Today at the World Economic Forum (WEF), its Head of Blockchain & DLT, Sheila Warren chaired a panel exploring blockchain tokenization. Jeremy Allaire, the CEO of Circle, gave a metaphor for tokenization as enabling the long tail of capital.
He pointed to the early days of the internet, where nobody imagined there would be an industry in creating cat videos. Without mentioning Etsy or eBay, he pointed to the trust mechanisms that were created to allow us to buy goods with confidence, sometimes hand-made, from complete strangers.
“Risk and reputation systems and efficient logistics and discovery platforms that made it possible for a very, very, very long tail of product creators to reach consumers,” said Allaire.
Likewise, he believes that particularly for entrepreneurs, in future access to capital will be far broader than is currently available from venture capitalists.
Much like eBay addressed the issue of confidence in remote sellers, Allaire envisages the world resolving the current trust issues that have resulted in cryptocurrency scams.
Neha Narula, Director of the Digital Currency Initiative at the MIT Media Lab, addressed this trust challenge.
“We want to have consumer protection.

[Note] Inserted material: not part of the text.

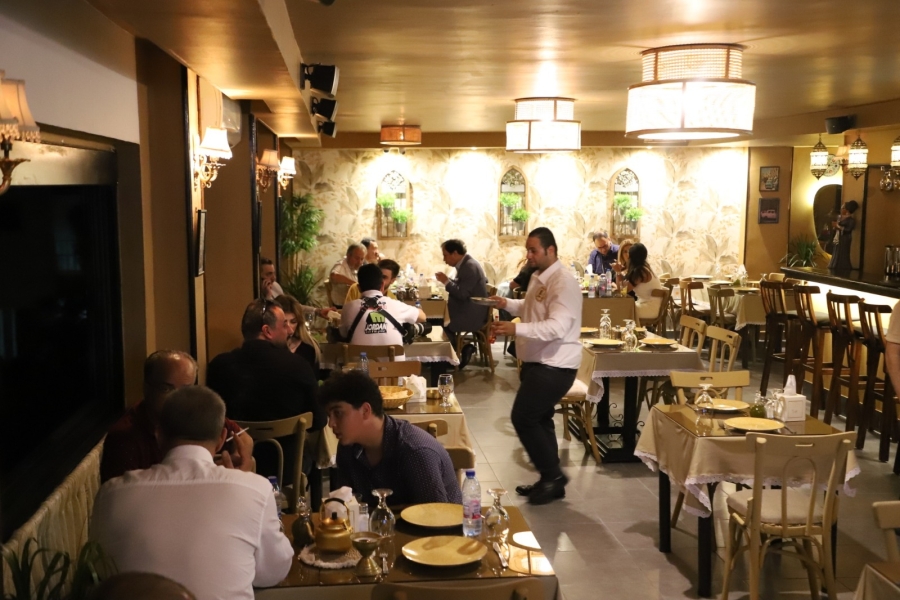 رجل الاعمال محمد الشوبكي يفتتح مطعم الو عمان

We want to have market integrity. People who are issuing assets should disclose information about what exactly those assets represent. And we want to make sure that those assets are really tied to their representation in the real world,” said Narula.

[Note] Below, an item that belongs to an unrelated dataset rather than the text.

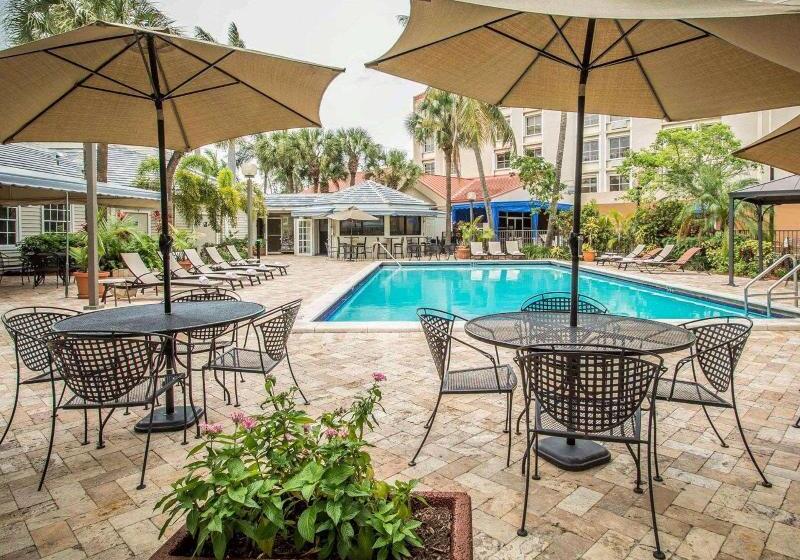 هتل Hotolos Hollywood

This raises the tricky issue of how to regulate these assets across multiple jurisdictions.
Tokenizing a wide variety of assets was discussed, from property to owning a fraction of a piece of art by Andy Warhol. The two that attracted the most discussion were enabling a farmer in rural India to raise finance by selling his future crop yields, and a sports star selling the rights to his future income.

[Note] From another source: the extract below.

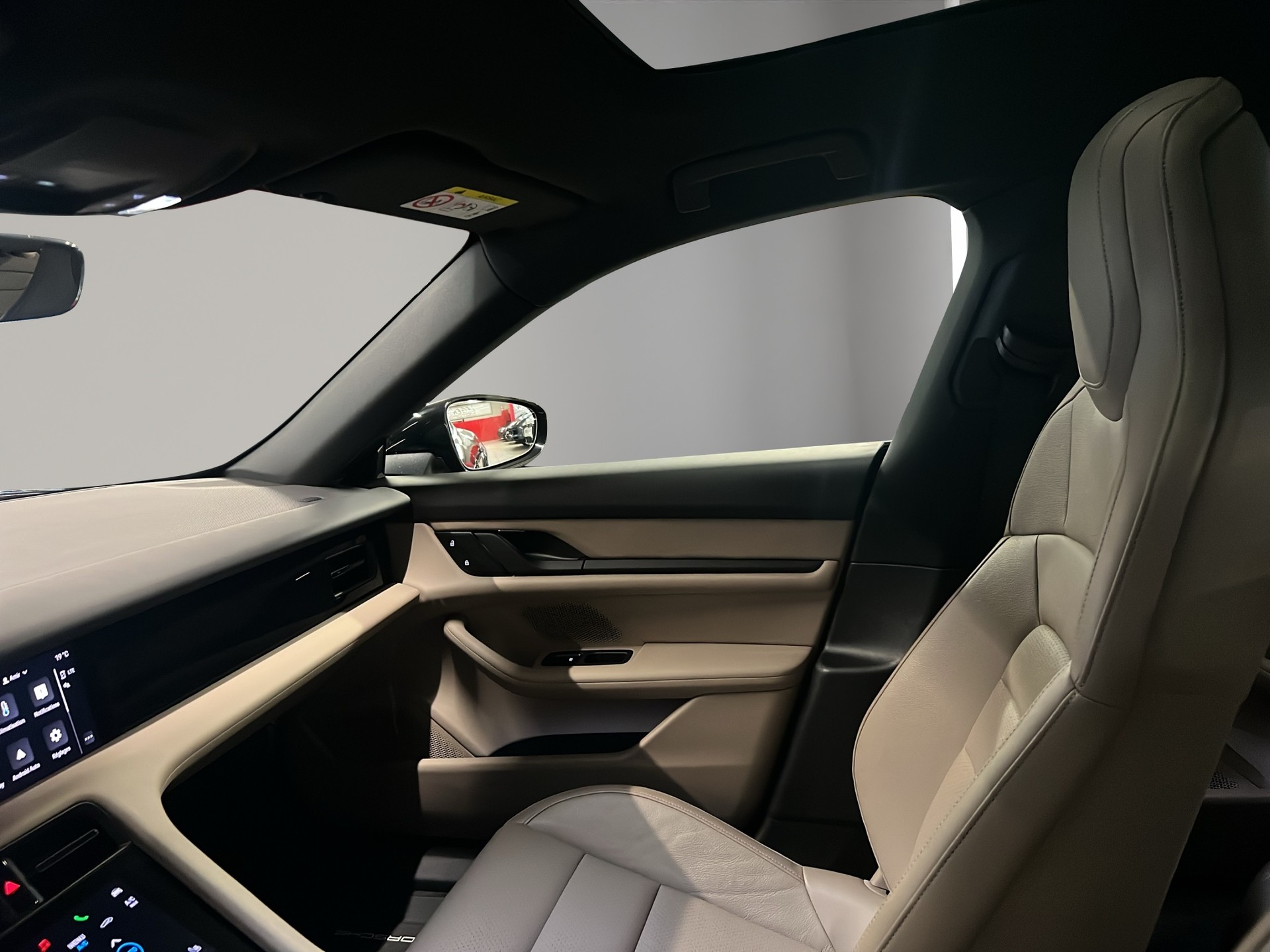 PORSCHE Taycan 4 Cross Turismo-image-15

The latter is controversial as Brooklyn Nets point guard Dinwiddie has announced plans to tokenize his contract with the Nets. A member of the audience voiced the potential moral hazard of encouraging the athlete to put in little effort if he already has the money in hand. He stated this is an economic problem, not a technical one.
While the speakers acknowledged the hazard, MIT’s Narula pointed out that currently, there isn’t the infrastructure to experiment. While she expects some projects to fail dramatically, there is the potential to expose an opportunity that is currently missing.
Narula outlined tokenization as being a form of digital transformation. “Once you do this, it becomes much cheaper, much quicker, much faster to actually break down a Warhol into a million different tokens, for example,” she said.